Start Combining ML and DO Today!

Jul 24, 2019 · 7 min read

It is now easier than ever to start combining Decision Optimization with Machine Learning.
What’s the difference between Machine Learning (ML) and Decision Optimization (DO)?
What are the benefits of combining these two techniques?
How can you get started? A commonly-used marketing campaign problem is introduced here to get you started. Follow this step-by-step guide which shows you how to set up this sample with Decision Optimization on Watson Studio.

ML and DO

Machine Learning (ML) and Decision Optimization (DO) are two different sets of techniques which comes from Data Science (DS) and Artificial Intelligence (AI). They include different sets of mathematical tools to support Business Analytics.

You can read about the main difference between these techniques using a simple example here.

The power of ML is to extract unknown data characteristics based on reproducible patterns. For example, after training a model on a large historical set of telco customers behaviors, some of them who have churned, you might expect your model to predict the future churn of current customers just based on their characteristics and behavior. ML can predict who from a set of 10 000 customers might churn, but it will not correctly tell you what to do with your marketing budget to optimally avoid these churns.

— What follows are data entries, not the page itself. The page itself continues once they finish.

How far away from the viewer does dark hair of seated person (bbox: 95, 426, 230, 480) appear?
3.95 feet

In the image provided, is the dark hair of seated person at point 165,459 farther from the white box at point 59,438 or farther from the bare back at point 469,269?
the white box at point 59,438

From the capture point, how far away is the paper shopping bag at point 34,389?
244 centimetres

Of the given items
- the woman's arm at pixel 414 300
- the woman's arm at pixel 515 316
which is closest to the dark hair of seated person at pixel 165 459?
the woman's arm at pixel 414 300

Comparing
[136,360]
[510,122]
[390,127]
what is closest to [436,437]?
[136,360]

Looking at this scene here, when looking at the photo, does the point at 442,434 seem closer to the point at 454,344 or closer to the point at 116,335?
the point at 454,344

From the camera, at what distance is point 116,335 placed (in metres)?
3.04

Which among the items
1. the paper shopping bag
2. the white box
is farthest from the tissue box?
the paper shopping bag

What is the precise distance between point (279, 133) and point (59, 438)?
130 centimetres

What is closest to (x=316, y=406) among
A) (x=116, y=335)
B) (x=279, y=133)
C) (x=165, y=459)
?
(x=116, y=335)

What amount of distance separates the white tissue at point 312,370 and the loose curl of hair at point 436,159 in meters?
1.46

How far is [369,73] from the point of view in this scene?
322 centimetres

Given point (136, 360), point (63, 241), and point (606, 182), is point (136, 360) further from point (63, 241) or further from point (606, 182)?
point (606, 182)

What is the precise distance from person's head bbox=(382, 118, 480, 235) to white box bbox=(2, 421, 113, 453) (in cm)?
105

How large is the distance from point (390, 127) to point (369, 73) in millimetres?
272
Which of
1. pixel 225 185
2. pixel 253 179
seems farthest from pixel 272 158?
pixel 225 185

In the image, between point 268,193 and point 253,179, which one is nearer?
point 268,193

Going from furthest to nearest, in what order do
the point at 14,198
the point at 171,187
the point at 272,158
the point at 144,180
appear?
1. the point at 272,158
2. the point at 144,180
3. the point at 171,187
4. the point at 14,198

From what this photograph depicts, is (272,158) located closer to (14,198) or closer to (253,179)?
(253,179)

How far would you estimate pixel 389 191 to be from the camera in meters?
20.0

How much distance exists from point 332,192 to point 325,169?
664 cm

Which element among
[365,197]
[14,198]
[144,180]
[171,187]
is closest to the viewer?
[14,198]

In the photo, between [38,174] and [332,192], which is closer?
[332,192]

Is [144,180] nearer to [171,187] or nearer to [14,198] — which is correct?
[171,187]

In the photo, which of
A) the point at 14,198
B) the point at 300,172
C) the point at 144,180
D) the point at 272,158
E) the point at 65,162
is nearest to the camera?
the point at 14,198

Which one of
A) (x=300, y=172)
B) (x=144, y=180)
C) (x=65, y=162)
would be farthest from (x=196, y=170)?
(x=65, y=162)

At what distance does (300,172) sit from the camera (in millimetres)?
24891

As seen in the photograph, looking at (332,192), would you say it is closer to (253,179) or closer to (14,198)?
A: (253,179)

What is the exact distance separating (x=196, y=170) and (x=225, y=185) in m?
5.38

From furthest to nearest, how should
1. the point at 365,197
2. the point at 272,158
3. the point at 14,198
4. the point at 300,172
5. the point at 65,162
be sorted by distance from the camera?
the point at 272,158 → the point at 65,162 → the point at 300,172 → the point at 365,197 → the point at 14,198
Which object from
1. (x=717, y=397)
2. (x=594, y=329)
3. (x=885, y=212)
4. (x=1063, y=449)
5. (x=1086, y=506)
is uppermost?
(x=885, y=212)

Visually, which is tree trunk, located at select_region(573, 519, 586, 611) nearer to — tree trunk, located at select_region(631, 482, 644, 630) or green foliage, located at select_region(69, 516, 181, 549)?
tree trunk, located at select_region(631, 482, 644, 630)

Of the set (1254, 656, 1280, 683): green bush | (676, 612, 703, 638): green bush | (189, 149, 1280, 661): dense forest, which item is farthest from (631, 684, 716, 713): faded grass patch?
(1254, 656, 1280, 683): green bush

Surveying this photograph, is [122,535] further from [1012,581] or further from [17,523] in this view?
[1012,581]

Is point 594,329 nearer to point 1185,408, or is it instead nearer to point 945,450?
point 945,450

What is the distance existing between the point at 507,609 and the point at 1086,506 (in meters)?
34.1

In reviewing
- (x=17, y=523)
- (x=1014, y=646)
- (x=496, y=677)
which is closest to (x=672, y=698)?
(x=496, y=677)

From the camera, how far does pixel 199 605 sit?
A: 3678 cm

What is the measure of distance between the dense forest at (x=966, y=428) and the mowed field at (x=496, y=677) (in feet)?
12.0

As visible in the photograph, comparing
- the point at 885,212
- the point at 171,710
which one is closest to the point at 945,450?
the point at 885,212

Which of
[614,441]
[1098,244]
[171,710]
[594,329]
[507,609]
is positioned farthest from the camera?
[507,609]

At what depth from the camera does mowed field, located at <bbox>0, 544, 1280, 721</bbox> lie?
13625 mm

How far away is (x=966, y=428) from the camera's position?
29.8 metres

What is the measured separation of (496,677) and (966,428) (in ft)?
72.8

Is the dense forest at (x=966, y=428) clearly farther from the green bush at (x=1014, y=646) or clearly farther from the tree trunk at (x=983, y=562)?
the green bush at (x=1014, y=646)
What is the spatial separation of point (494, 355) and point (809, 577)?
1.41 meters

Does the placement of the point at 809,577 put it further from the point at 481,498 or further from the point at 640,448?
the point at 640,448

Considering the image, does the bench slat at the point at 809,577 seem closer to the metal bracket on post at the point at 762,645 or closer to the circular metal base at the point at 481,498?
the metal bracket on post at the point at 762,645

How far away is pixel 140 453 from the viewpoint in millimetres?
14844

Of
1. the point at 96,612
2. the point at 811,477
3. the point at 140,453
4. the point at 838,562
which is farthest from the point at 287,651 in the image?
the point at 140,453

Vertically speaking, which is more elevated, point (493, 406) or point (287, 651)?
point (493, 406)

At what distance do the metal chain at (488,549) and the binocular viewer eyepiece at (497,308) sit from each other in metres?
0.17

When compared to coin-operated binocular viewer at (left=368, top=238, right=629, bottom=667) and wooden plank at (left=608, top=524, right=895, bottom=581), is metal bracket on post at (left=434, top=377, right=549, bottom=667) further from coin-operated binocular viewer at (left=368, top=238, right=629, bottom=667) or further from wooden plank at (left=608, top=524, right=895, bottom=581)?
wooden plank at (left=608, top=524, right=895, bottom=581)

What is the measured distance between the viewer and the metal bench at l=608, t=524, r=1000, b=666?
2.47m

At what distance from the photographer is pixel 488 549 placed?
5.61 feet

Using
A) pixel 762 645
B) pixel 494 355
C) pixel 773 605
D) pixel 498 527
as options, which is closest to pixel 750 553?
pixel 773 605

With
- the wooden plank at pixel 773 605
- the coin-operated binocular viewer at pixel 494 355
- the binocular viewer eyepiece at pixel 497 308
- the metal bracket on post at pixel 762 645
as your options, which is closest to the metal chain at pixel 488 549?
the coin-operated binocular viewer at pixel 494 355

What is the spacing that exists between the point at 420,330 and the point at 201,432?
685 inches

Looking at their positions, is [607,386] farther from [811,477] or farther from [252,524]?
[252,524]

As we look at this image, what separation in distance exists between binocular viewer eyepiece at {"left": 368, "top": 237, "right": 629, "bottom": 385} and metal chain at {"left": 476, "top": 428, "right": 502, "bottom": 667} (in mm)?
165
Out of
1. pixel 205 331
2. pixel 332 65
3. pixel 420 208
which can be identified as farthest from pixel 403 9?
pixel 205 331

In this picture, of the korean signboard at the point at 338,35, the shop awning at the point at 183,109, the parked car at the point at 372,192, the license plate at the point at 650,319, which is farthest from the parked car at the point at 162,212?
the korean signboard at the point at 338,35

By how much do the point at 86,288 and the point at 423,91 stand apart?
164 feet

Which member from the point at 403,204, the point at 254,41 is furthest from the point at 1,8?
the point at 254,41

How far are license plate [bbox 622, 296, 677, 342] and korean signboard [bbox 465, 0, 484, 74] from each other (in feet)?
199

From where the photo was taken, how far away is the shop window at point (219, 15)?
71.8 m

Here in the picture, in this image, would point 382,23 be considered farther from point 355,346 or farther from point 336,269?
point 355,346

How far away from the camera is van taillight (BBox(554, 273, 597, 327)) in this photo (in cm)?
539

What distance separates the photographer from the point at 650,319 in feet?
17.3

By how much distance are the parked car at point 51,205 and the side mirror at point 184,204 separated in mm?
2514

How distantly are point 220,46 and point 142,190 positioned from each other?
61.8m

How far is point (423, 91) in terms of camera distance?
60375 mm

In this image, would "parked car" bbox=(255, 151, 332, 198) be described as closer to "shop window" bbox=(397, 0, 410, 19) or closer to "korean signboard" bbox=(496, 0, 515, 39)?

The power of DO is to prescribe sets of decisions which are constrained between them. For example, a model can be formulated to schedule the operations of a production factory where units have to flow over different sets of machines with different characteristics to be produced. DO can prescribe the optimal schedule to produce units of product to satisfy a given demand of 10 000 units, but it is not able to tell you what this demand will be, even given the production history.

Each set of techniques has its own application sweet spot. It is important to understand the different types of data to choose among the different set of techniques.

Campaign Marketing with ML + DO

ML and DO combined can work stronger together. So it is important to use a platform where these different sets of techniques are available and can be combined.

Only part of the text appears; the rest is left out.